To solve the problem of unemployment he said that "We need to provide a society and a macroeconomic framework that will encourage people to invest in the country." He noted that "only through investment and the creation of new businesses will we find it necessary to provide jobs for the vast numbers of persons who are now unemployed."
Noel Cowell, lecturer in the Department of Management Studies at the University of the West Indies, Mona, agrees that unemployment is a major problem. However, he said "We should not only be concerned about those who are recorded as unemployed but those who are underemployed." He argued that unemployment represents a problem of 'worthlessness'. He believes that unemployment breeds a number of problems. As a result, he reckons that fathers are failing to maintain their children because they cannot stand up to their economic responsibilities. "The fact that there are so many people out of work, we are losing productive capacity," Dr. Cowell noted.
Leachim Semaj, chief executive officer of the Job Bank agrees that unemployment is a serious phenomenon. He explained to The Sunday Gleaner that once persons are unemployed they become involved in many different activities including criminal ones.
How can we solve the problem of unemployment? In his response, Dr. Semaj refers to the HEART Trust NTA's slogan: 'Education makes you trainable but training makes you employable'.
"The solution must be within the context of education and training," he emphasised.
Former dean of the Faculty of Social Sciences, Barry Chevannes, explained that unemployment is a serious problem "especially because of its chronic nature. In the last two decades there has been not enough jobs to absorb people coming into the labour market.
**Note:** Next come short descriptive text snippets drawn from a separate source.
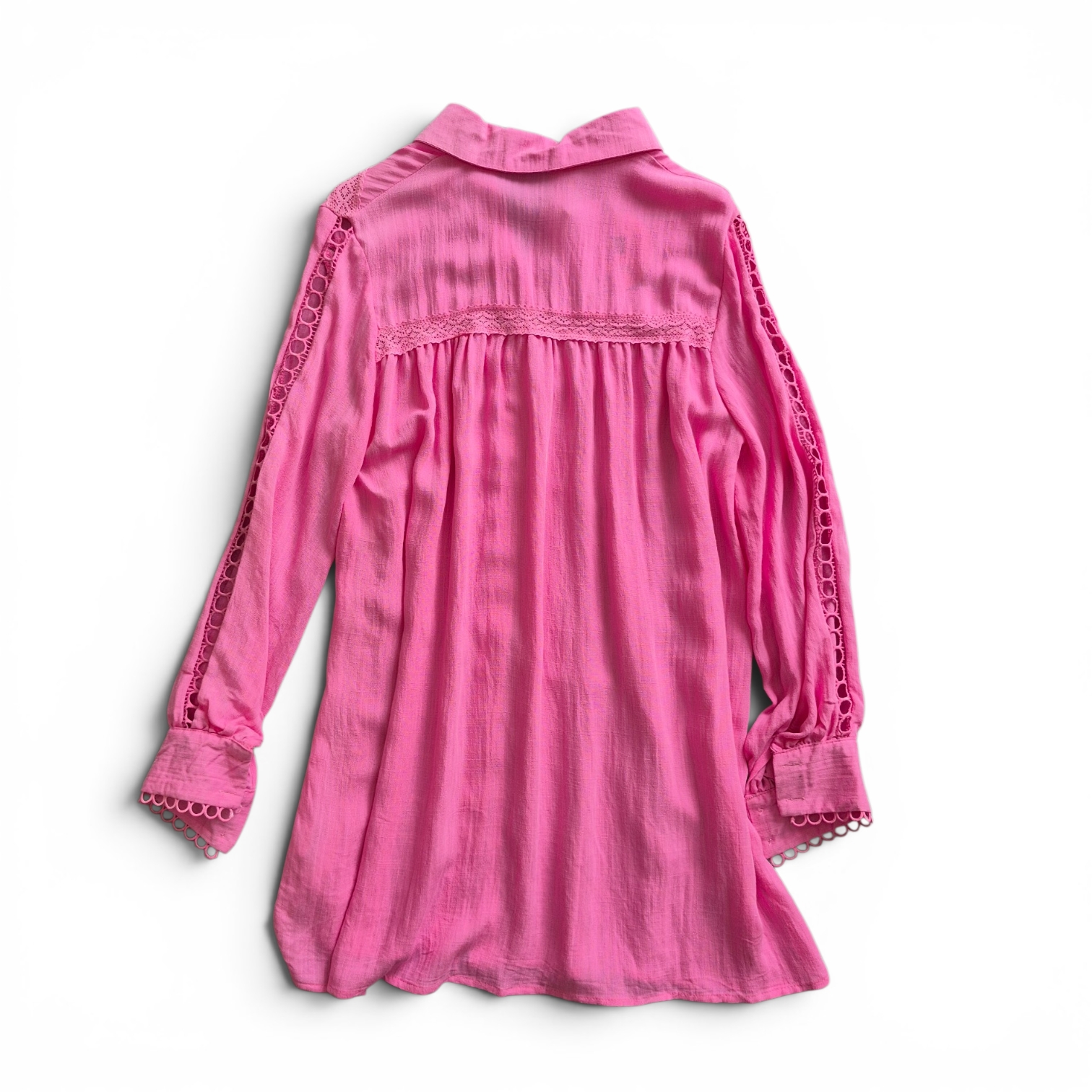 Blouse Roze! - Afbeelding 2
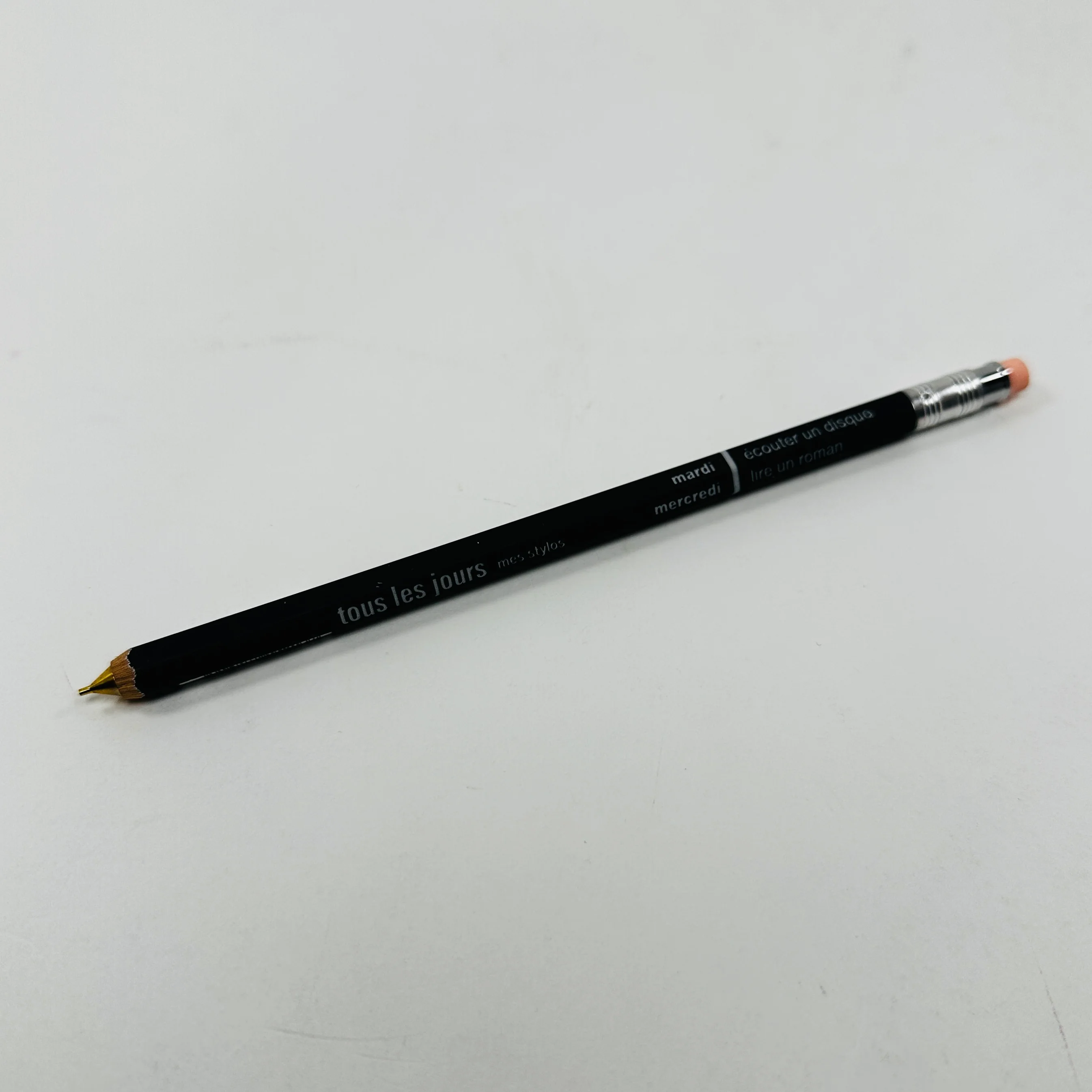 Tous Les Jours Mechanical Pencil (Various Colours) - Image 14
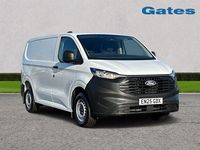 New Ford Transit Custom 110 HP (80 kW) 2025 White Van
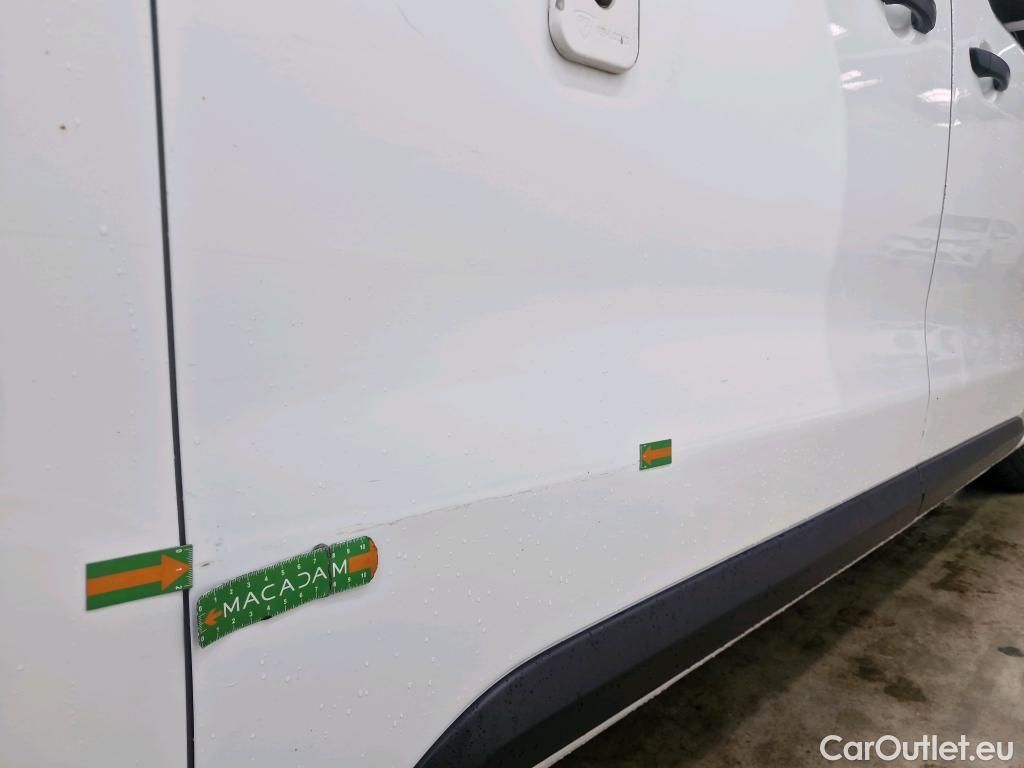  Citroen  Jumpy  Fourgon CityVan XS 1.5 BlueHDi 120CV BVM6 E6dT #17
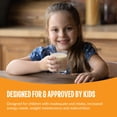 thumbnail image 2 of Boost Kid Essentials 1.0 ml Pediatric Nutrition Shake, Strawberry Splash, 8 fl oz, 24 Count, 2 of 7
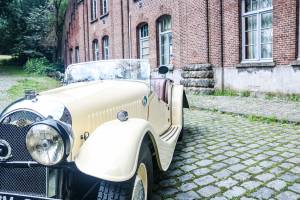 Afbeelding 12/33 van Morgan 4&#x2F;4 Serie I (1936)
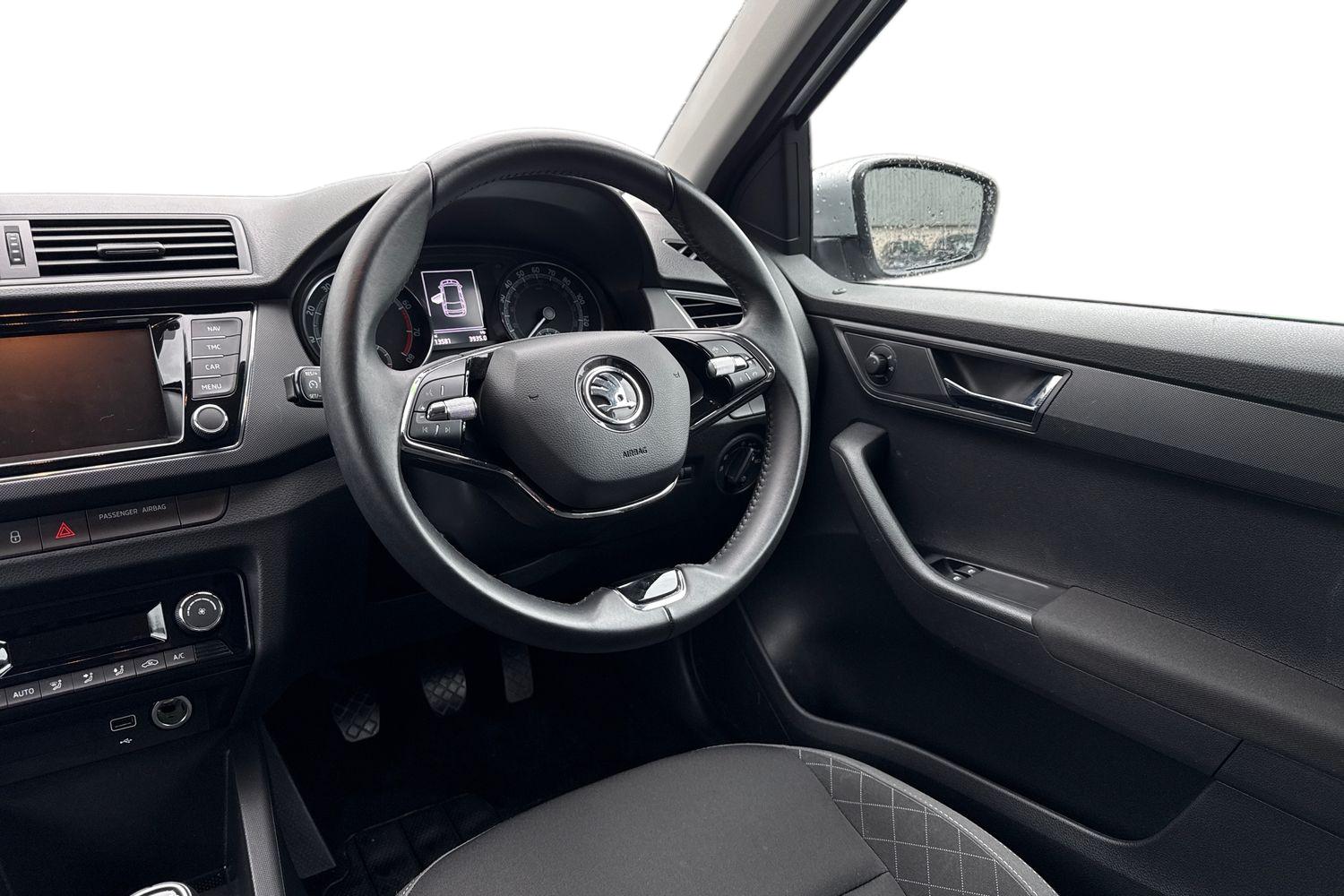 Used Skoda Fabia 2022 for sale - 76783006: Photo 13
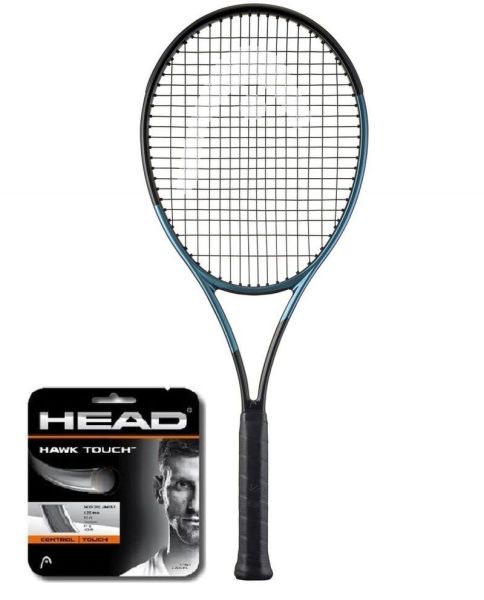 Raquette de tennis Head Gravity MP L 2025 + cordes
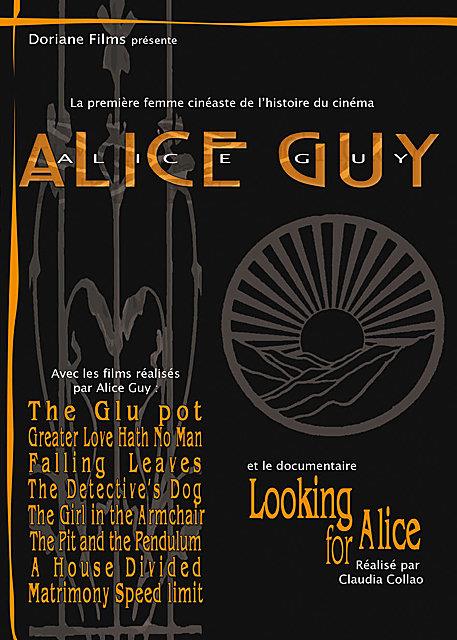 Alice Guy [DVD] - flash vidéo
What is worrisome is that it (unemployment) creates a level of indiscipline when it (unemployment) is severe."
While he does not think that unemployment creates crime, he believes that it creates a kind of climate that crime can thrive in.
THE LABOUR FORCE
The Statistical Institute of Jamaica defines the unemployed as those persons "looking for work", together with persons "wanting to work and available for work". In October 2003, the unemployed labour force consisted of 141,000 persons. Of this number, 58,000 were males and 83,000 were females.
According to STATIN, the labour force includes all employed persons as well as persons who, although unemployed, were looking for work or wanted work and were in the position to accept work.